Ontario Takes Steps to Accelerate the Building of Key Infrastructure Projects

Published on October 22, 2020

Ontario Rebuilding and Recovery Act, 2020 Would Lay the Foundation for Job Creation and a Strong Economic Recovery

October 22, 2020

Office of the Premier

TORONTO ― The Ontario government is introducing a package of legislative and policy measures that would, if passed, accelerate the building of key infrastructure projects to create jobs and lay the foundation for a strong economic recovery. The Ontario Rebuilding and Recovery Act, 2020 would support the construction of better-connected highways and public transit networks, transit-oriented communities, and affordable housing.

Details were provided today by Premier Doug Ford, Caroline Mulroney, Minister of Transportation, Steve Clark, Minister of Municipal Affairs and Housing, and Kinga Surma, Associate Minister of Transportation (GTA).

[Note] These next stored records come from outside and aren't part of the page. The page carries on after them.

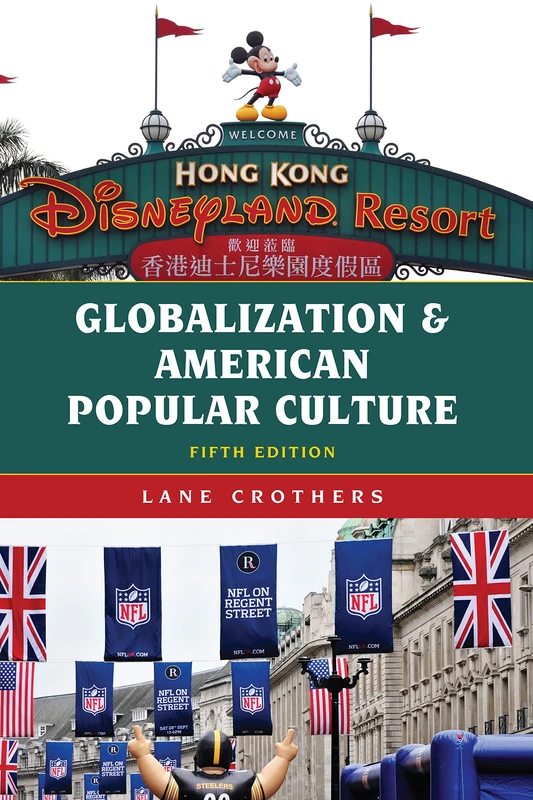 Globalization and American Popular Culture, Fifth Edition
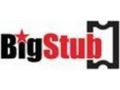 Big Stub Promo Codes February 2023
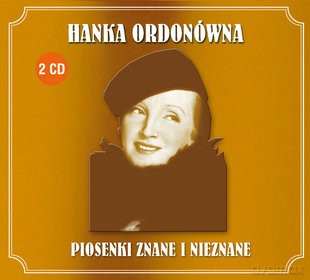 Hanka Ordonówna: Piosenki Znane i Nieznane (Digipack) [2CD]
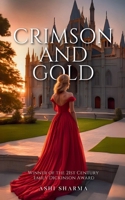 Crimson and Gold B0DYVSZ1QJ Book Cover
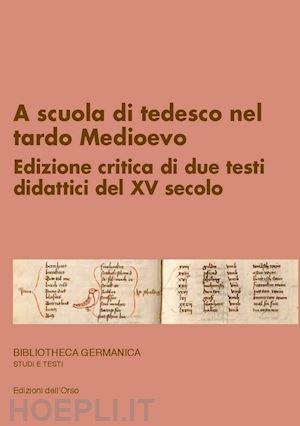 caparrini maria luisa (curatore) - a scuola di tedesco nel tardo medioevo. edizione critica di due testi didattici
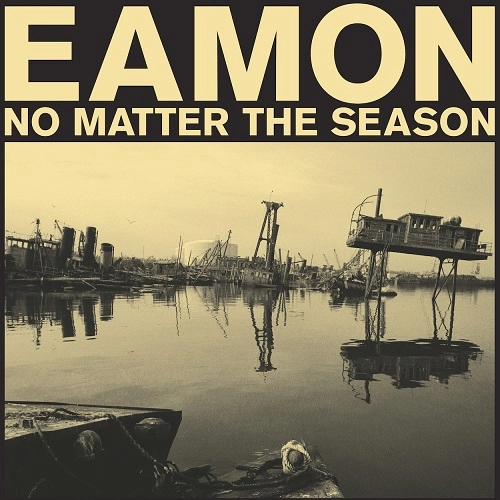 EAMON (SOUL) / NO MATTER THE SEASON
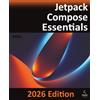 Payload Media Jetpack Compose Essentials - 2026 Edition: Developing Android Apps with Jetpack Compose, Kotlin, and Android Studio: Developing Android Apps with Jetpack Compose, Android Studio, and Kotlin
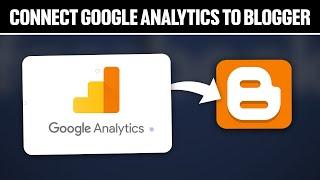 How To Connect Google Analytics To Blogger 2024! (Full Tutorial)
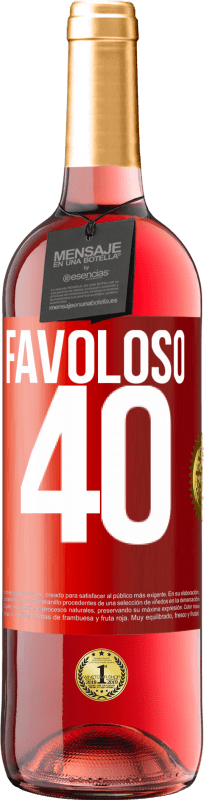 29,95 € Spedizione Gratuita | Vino rosato Edizione ROSÉ Favoloso 40 Etichetta Rossa. Etichetta personalizzabile Vino giovane Raccogliere 2023 Tempranillo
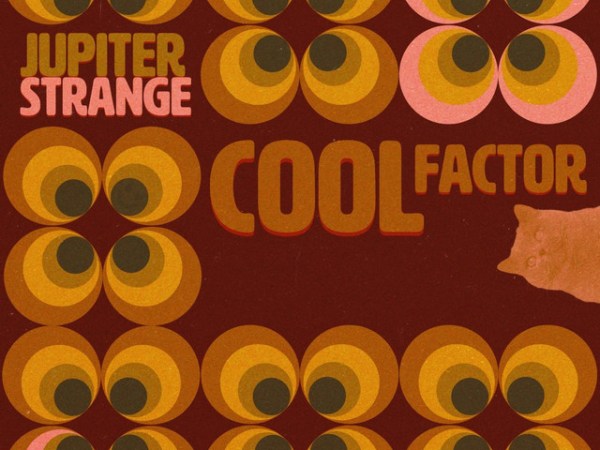 Jupiter Strange – Cool&nbsp;Factor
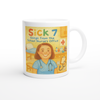 Sick 7 (Songs from the School Nurse's Office) - Ceramic Mug
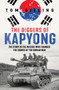 The Diggers of Kapyong (The story of the Aussies who changed the course of the Korean War) by Tom Gilling, 9781761068690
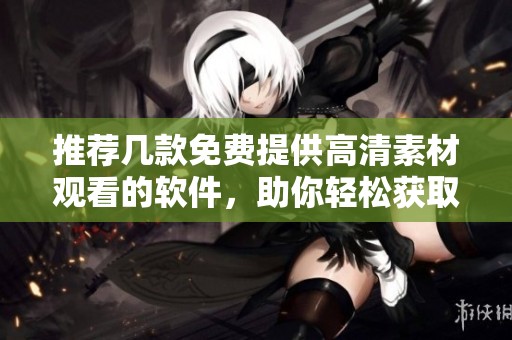 推荐几款免费提供高清素材观看的软件，助你轻松获取创作灵感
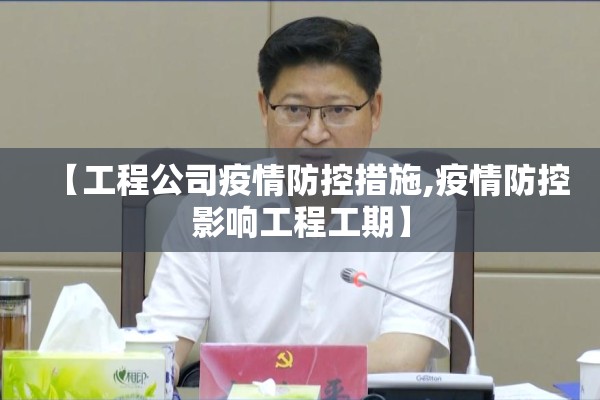 【工程公司疫情防控措施,疫情防控影响工程工期】 【工程公司疫情防控措施,疫情防控影响工程工期】
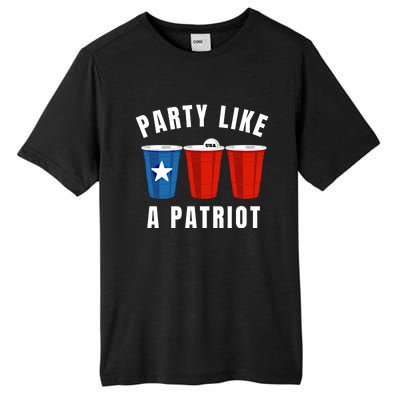 Happy Fourth Of July Party Like Patriot Funny Beer Pong Usa Gift Tall Fusion ChromaSoft Performance T-Shirt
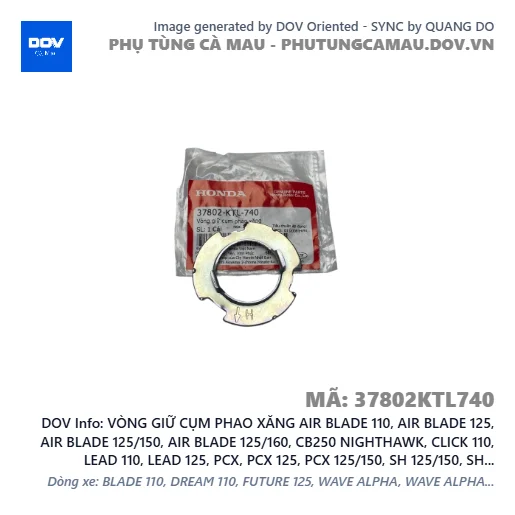 VÒNG GIỮ CỤM PHAO XĂNG AIR BLADE 110, AIR BLADE 125, AIR BLADE 125/150, AIR BLADE 125/160, CB250 NIGHTHAWK, CLICK 110, LEAD 110, LEAD 125, PCX, PCX 125, PCX 125/150, SH 125/150, SH MODE, VARIO 160, VISION 110 — 37802KTL740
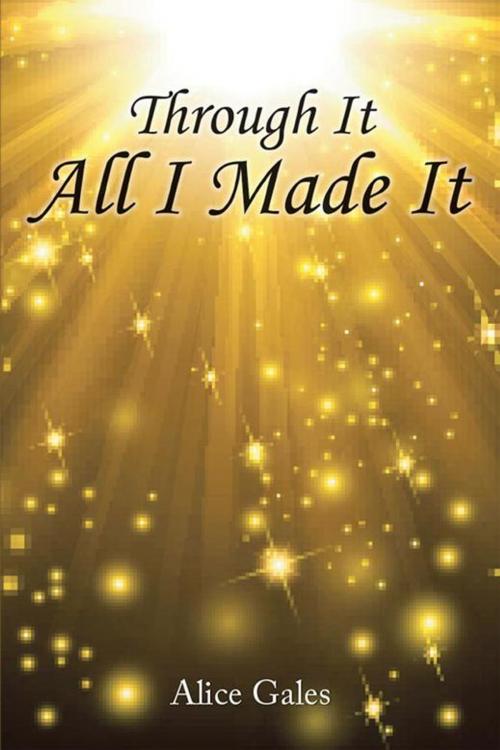 Cover of the book Through It All I Made It by Alice Gales, Xlibris US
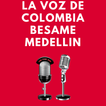 La Voz de Colombia besame Medellin 94.9 No Oficial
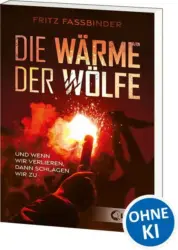 Fritz Fassbinder: Die Wärme der Wölfe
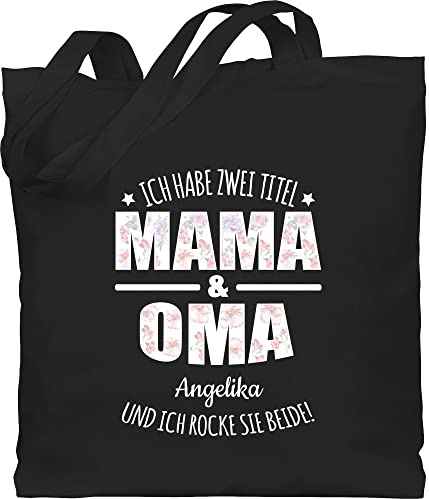 Geschenk mit Namen personalisiert by Shirtracer - Baumwolltasche - Ich habe zwei Titel Oma und Mama | Oma Muttertagsgeschenke Großmutter Geschenk Geburtstag Omi Geschenk Muttertag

"Today's proposed legislation is another building block in our made-in-Ontario plan for growth, renewal and long-term recovery," said Premier Ford. "It's absolutely critical to lay this groundwork to ensure infrastructure projects can take off without any further delays. These are projects that will create good jobs across the province, ensure communities are better connected by road and transit, and contribute to a strong economic recovery for every part of our province."

The proposed legislation, introduced by Minister Mulroney earlier today, would reduce barriers in the planning, design and construction of major infrastructure projects like highway and public transit networks, and support the growth of transit-oriented communities.

"The current approach to building major infrastructure projects is plagued with red tape and costly delays," said Minister Mulroney. "Through these proposed measures, we're getting shovels in the ground more quickly on transportation projects that will improve the lives of Ontarians right across the province."

If passed, the suite of additional measures would help to further reduce risk and costs, mitigate unnecessary delays and could encourage competitive bidding associated with transit projects. In addition, the government would work to modernize policies and align processes for consistency to improve public services.

The government is also helping to address zoning, land availability and site plan approval concerns for priority long-term care home development by leveraging support from the Provincial Land and Development Facilitator and by recognizing that the Minister of Municipal Affairs and Housing has existing authority to make Minister's Zoning Orders under the Planning Act. This approach is already benefiting communities like Ajax, Mississauga and Toronto.

"Modernizing long-term care in Ontario continues to be a key priority of our government," said Dr. Merrilee Fullerton, Minister of Long-Term Care. "These initiatives will enable us to build homes faster, which will help us develop more capacity to address the waitlist, and provide our loved ones with better places to live and the care and support they need."

Additional measures announced today will also support more private sector investments to potentially fund and accelerate broadband expansion in communities across the province.

Accelerated infrastructure delivery cannot be done in isolation. The government is committed to collaborating with municipal partners, Indigenous communities and organizations, and the private sector to accelerate project delivery for the benefit of individuals, families and businesses at a lower cost to the taxpayer.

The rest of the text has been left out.